By Chris Gregory
March 3, 2015
The NDP will launch a judicial inquiry to shed some light on province’s Internet scheme, if they win the 2015 election, says the party leader.
Mike Redmond said he would also examine any government loans and grants over the last 10 years, he made the comments at a news conference March 2 in Charlottetown.
“This is truly a shameful period in P.E.I. history. This has to stop.”
A recent Globe and Mail article outlined a plan to make P.E.I. a centre for online gambling. Redmond wants to investigate and clean up what he says was swept under the rug.
“Under both Liberal and Conservative governments, acts of government abuse, corruption, and favouritism have been harmful to our economy, to our communities and our people.”
The inquiry would find, document and deal with instances of government officials manipulating government power, he said.
“Where there are legal repercussions for individuals, appropriate processes will be pursued.”
Jacqueline Tuplin is a member of the Lennox Island First Nation group and the NDP candidate for Tyne-Valley-Linkletter, District 23.
First Nation residents were not told about the e-gambling deal that would have used First Nation’s land, she said.
“Whenever there’s major things happening within our First Nation, we are consulted. For this, I am embarrassed to say, we as a community were not consulted.”

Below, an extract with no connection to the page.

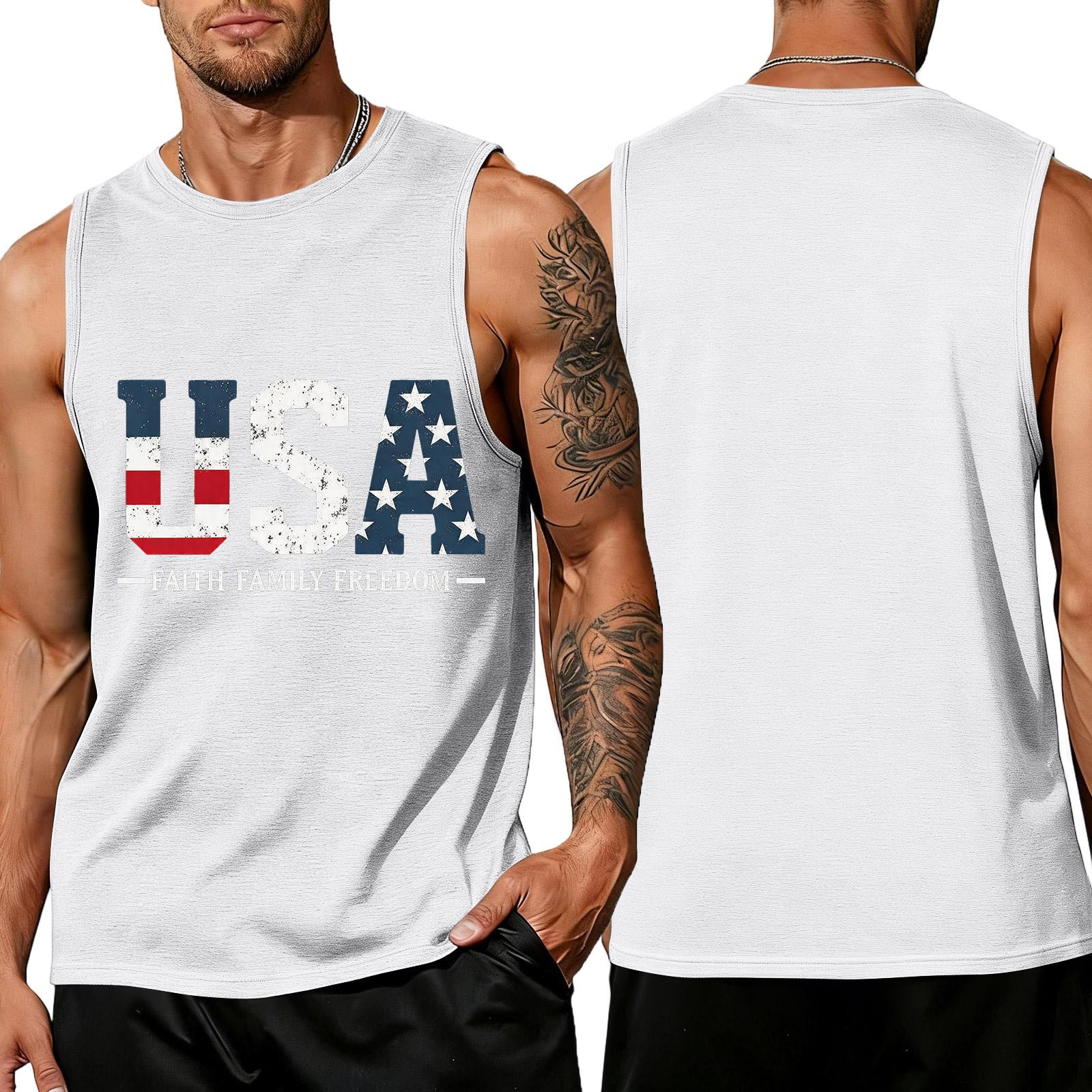 

Independence Day Flag Printed Sleeveless Shirt, Men s Loose Casual Daily Summer Tank Top XXXL білий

She was shocked to find out about their involvement with the gambling scheme in an article in the Globe and Mail.
“I am appalled how Lennox Island First Nation people were not consulted in this file.”
Redmond wants to change how P.E.I. is governed. It starts with cleaning up the mess that past governments have left behind, he said.
“The NDP is the only party that will effectively deal with government corruption.”